* _What is required_: Using the listing below, copy exactly each line from the one that has "Silver nitrate test" through the one that has "There are hours of"; omit the pictures.

[Input material]

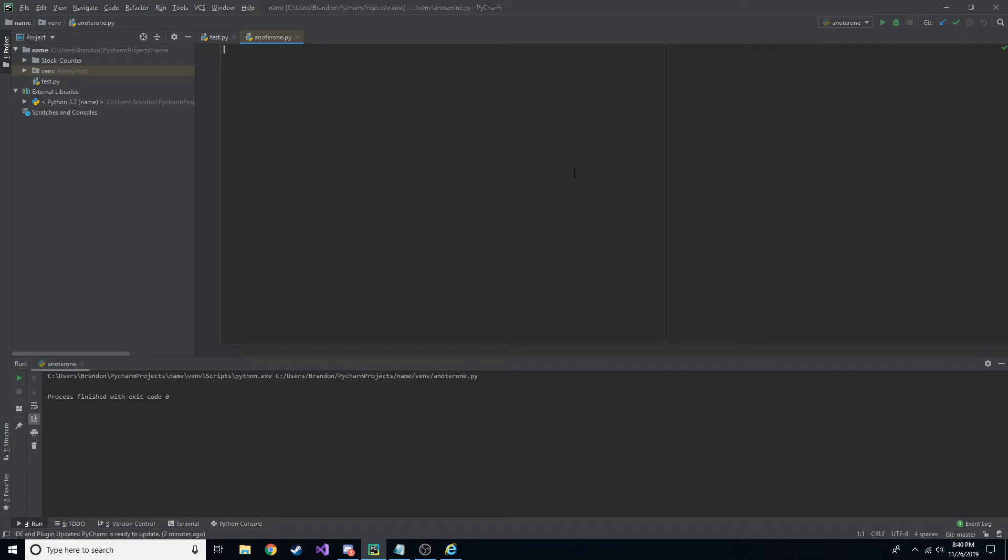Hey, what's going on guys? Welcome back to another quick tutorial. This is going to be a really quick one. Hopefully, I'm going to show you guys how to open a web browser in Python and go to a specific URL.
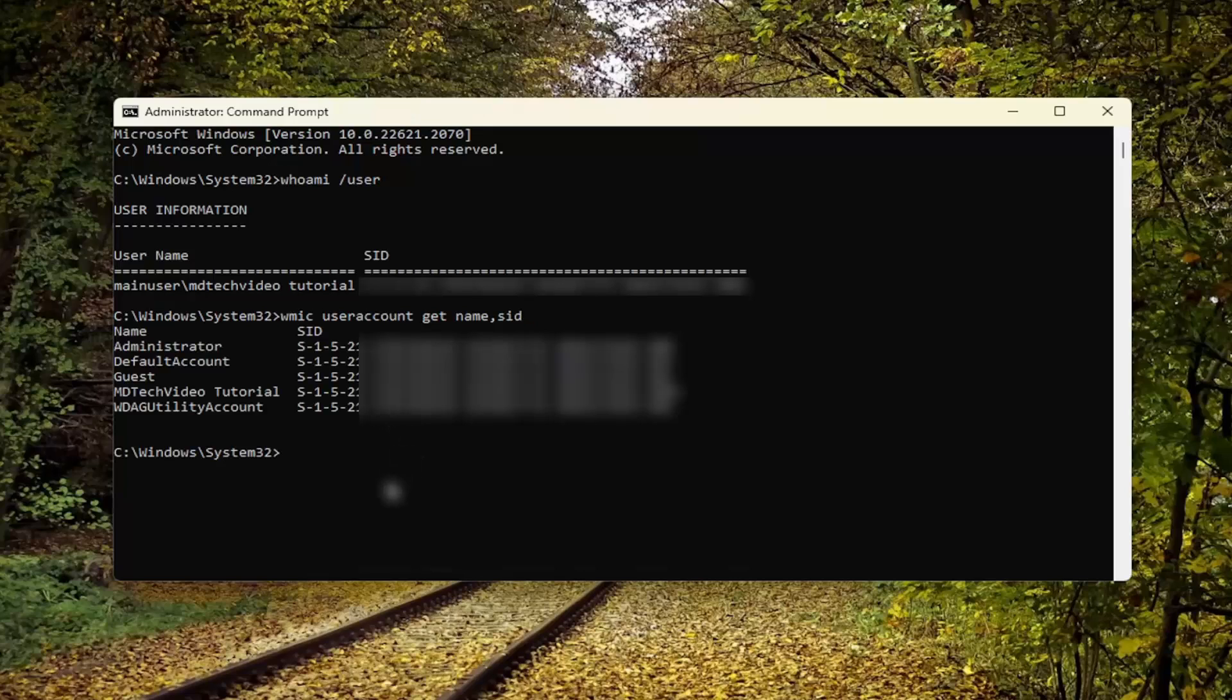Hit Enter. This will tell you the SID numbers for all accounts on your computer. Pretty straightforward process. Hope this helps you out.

[/Input material]
[Input material]

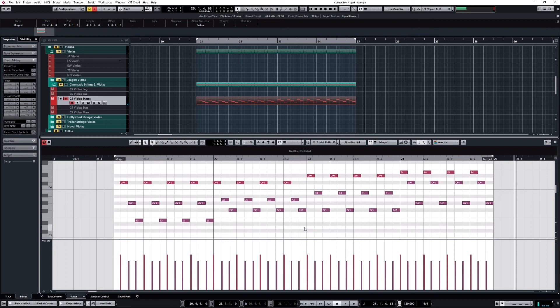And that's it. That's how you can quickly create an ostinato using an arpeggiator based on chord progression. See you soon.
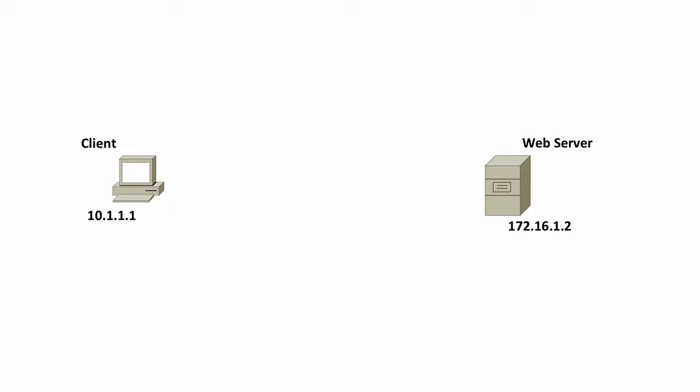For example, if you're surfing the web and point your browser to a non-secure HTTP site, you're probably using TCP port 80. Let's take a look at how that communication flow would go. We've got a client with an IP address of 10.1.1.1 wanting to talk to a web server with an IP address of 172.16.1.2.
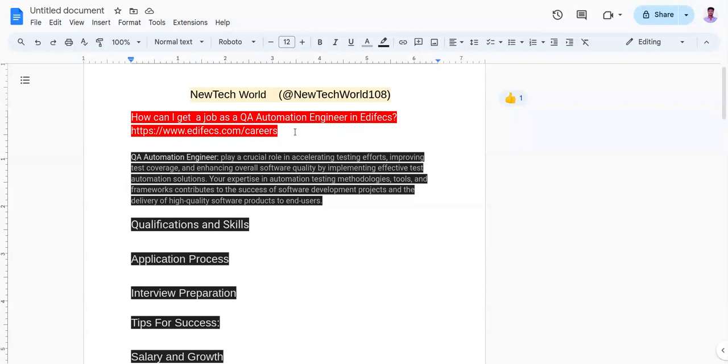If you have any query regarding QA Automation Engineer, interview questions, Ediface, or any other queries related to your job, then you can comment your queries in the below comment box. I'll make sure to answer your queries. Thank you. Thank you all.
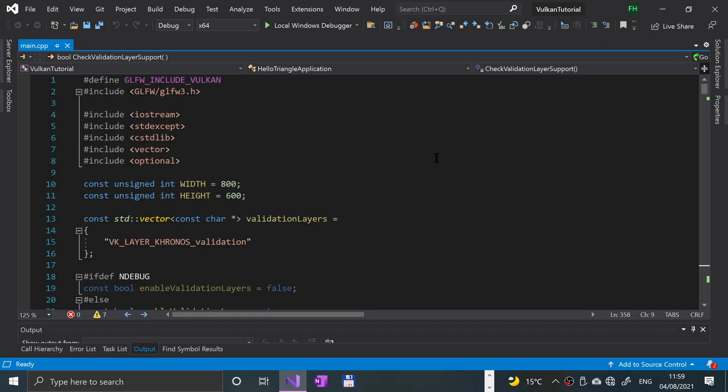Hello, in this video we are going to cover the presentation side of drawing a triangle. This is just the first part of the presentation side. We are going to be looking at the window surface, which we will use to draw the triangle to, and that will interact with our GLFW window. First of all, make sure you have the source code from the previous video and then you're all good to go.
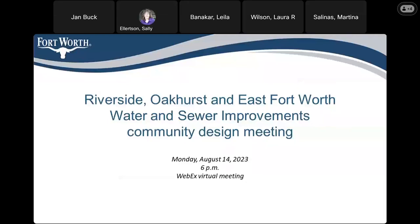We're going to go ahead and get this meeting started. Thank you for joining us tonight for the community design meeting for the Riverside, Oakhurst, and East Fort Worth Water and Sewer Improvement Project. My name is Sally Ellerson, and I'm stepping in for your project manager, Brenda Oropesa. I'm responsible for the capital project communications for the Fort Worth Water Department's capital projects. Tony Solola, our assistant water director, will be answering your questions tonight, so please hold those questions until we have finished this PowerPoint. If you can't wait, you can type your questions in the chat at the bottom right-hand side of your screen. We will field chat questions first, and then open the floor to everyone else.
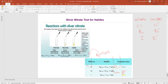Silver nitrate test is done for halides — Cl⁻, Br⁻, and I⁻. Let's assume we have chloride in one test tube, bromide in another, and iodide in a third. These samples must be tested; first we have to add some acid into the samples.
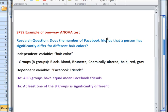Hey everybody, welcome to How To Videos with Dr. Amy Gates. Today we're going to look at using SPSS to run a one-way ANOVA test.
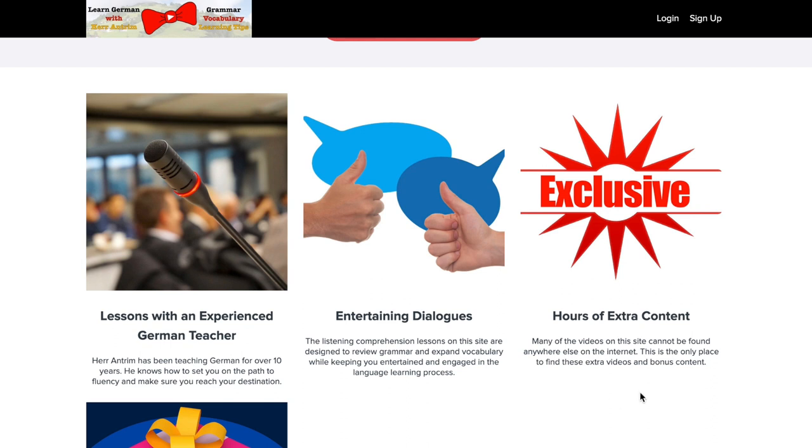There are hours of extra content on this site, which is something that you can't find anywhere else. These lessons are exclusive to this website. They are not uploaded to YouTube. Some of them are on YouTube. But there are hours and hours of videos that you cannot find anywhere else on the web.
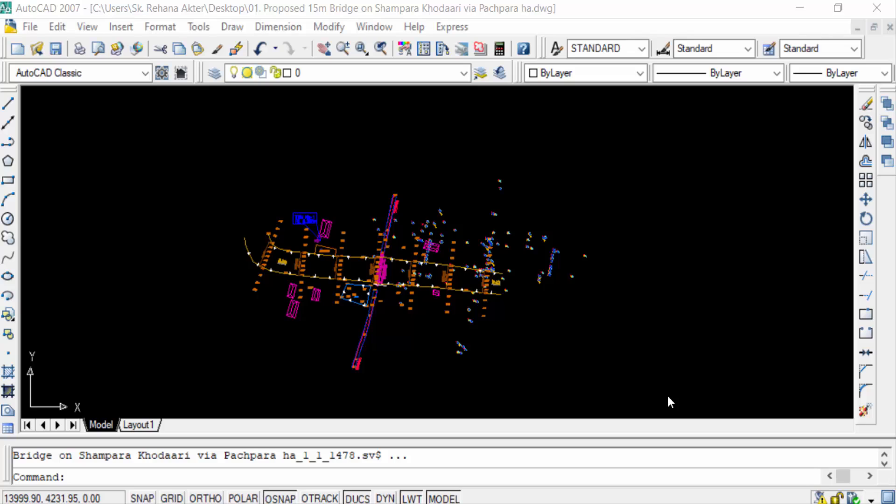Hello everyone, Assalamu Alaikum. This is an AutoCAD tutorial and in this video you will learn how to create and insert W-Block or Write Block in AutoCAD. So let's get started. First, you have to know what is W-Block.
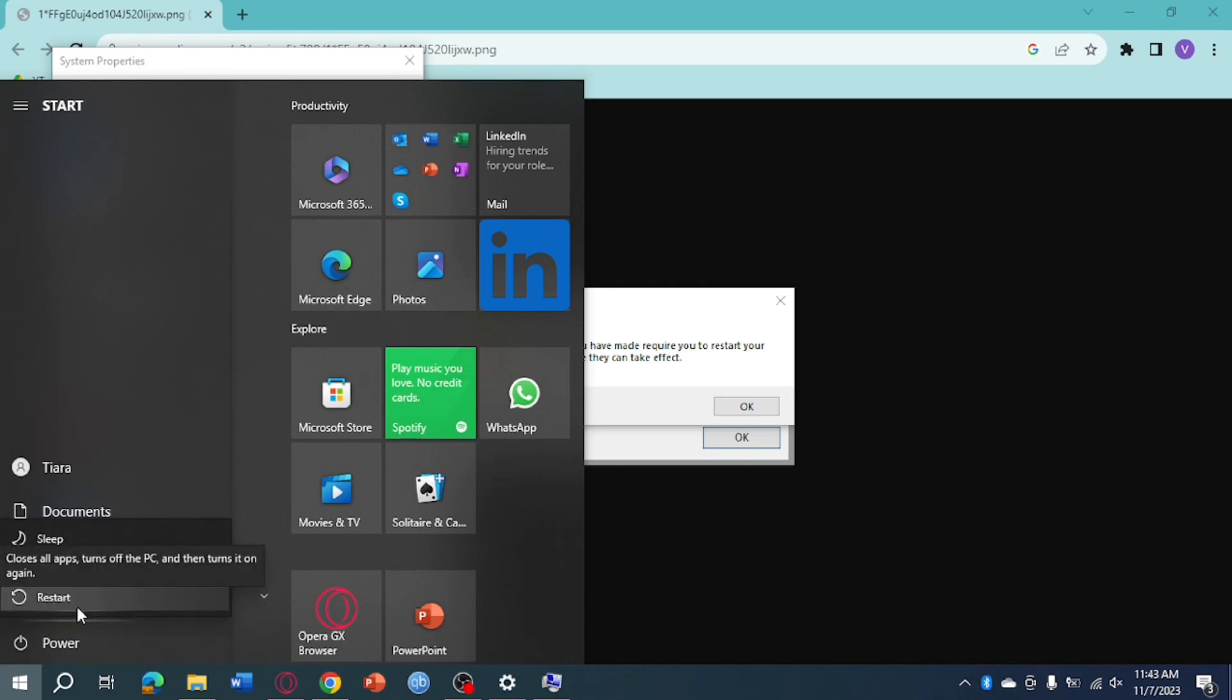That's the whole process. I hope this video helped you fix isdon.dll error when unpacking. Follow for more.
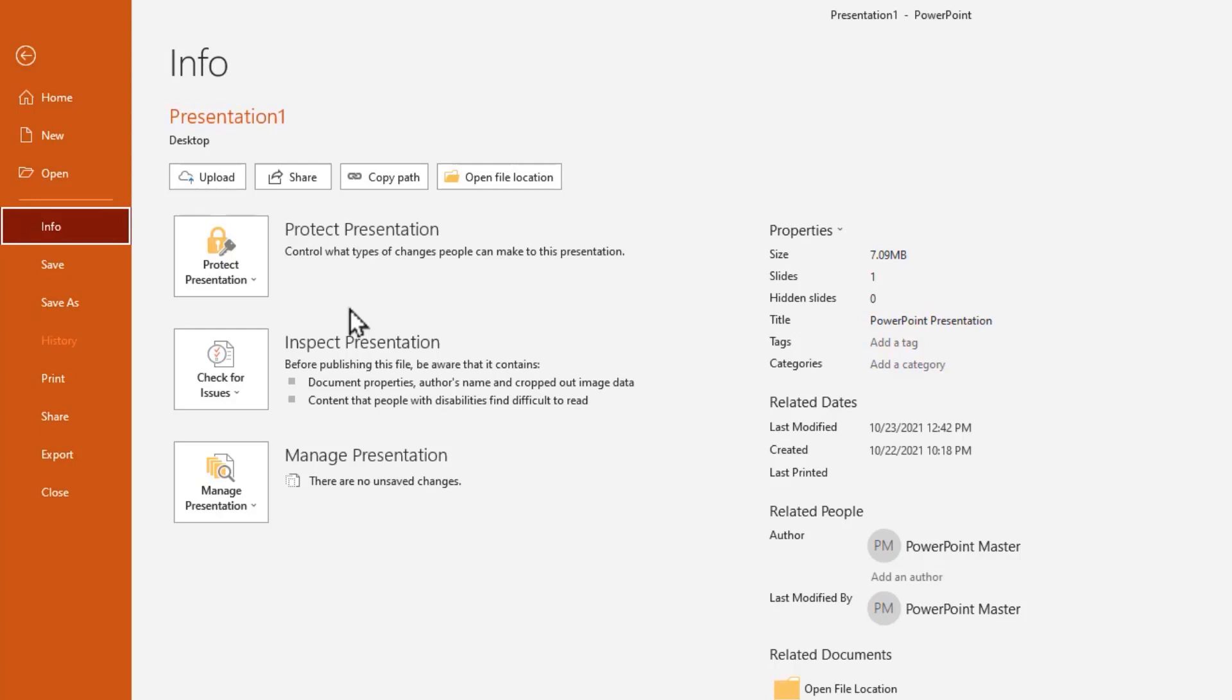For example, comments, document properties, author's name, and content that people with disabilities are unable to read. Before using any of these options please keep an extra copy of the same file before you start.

[/Input material]
[Input material]

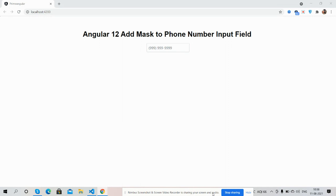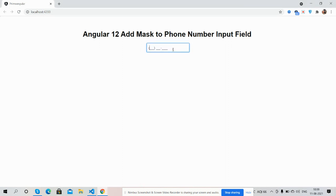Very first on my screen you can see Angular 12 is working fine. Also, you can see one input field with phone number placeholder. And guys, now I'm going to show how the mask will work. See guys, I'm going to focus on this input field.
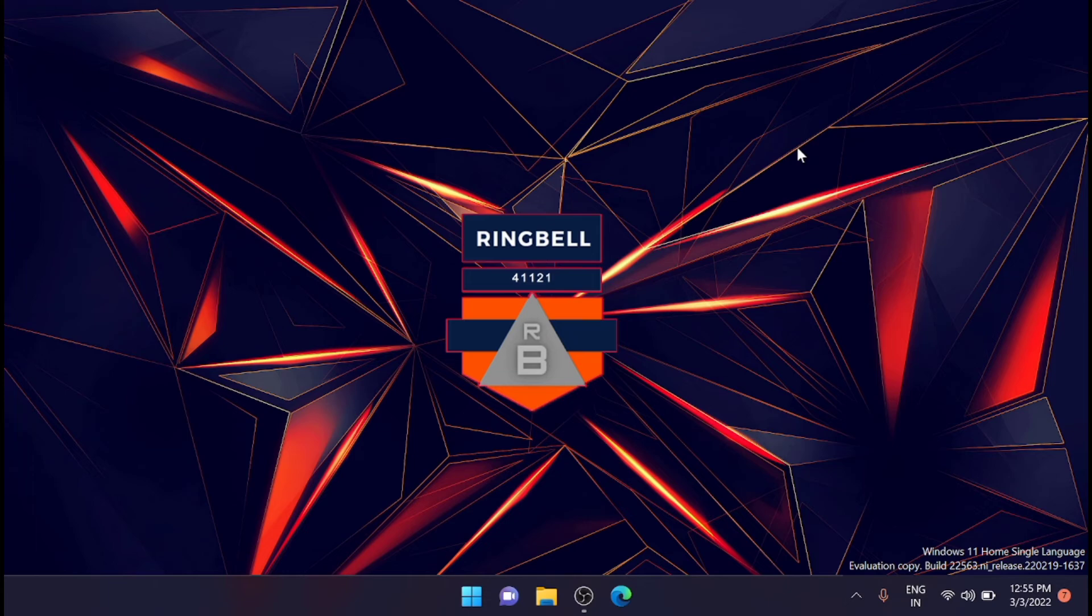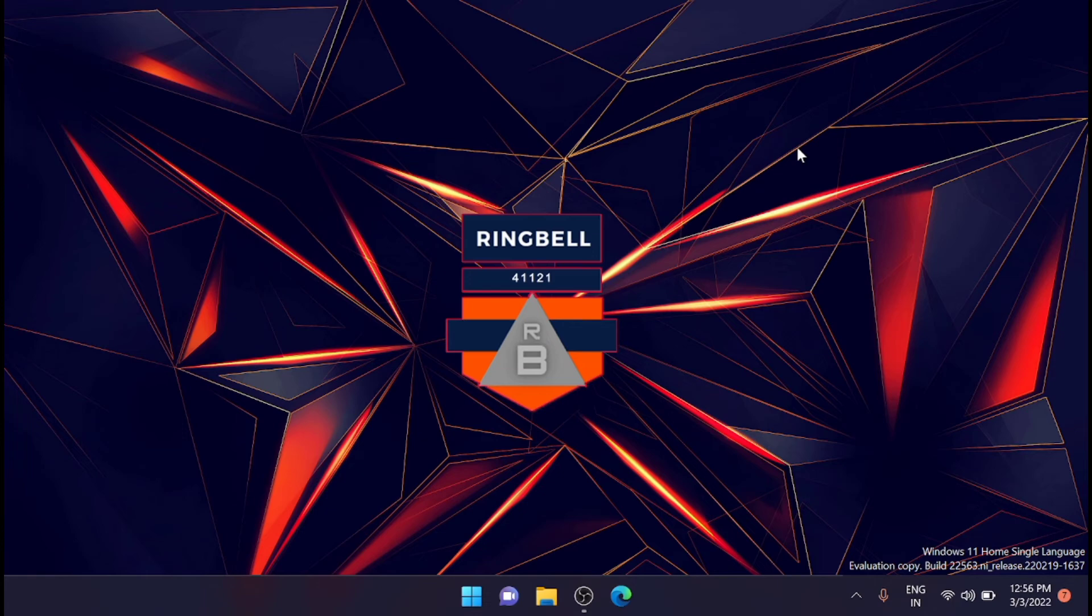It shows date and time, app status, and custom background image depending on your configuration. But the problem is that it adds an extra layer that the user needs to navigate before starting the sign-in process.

[/Input material]

* _Finished task_:
Silver nitrate test is done for halides — Cl⁻, Br⁻, and I⁻. Let's assume we have chloride in one test tube, bromide in another, and iodide in a third. These samples must be tested; first we have to add some acid into the samples.
Hey everybody, welcome to How To Videos with Dr. Amy Gates. Today we're going to look at using SPSS to run a one-way ANOVA test.
There are hours of extra content on this site, which is something that you can't find anywhere else. These lessons are exclusive to this website. They are not uploaded to YouTube. Some of them are on YouTube. But there are hours and hours of videos that you cannot find anywhere else on the web.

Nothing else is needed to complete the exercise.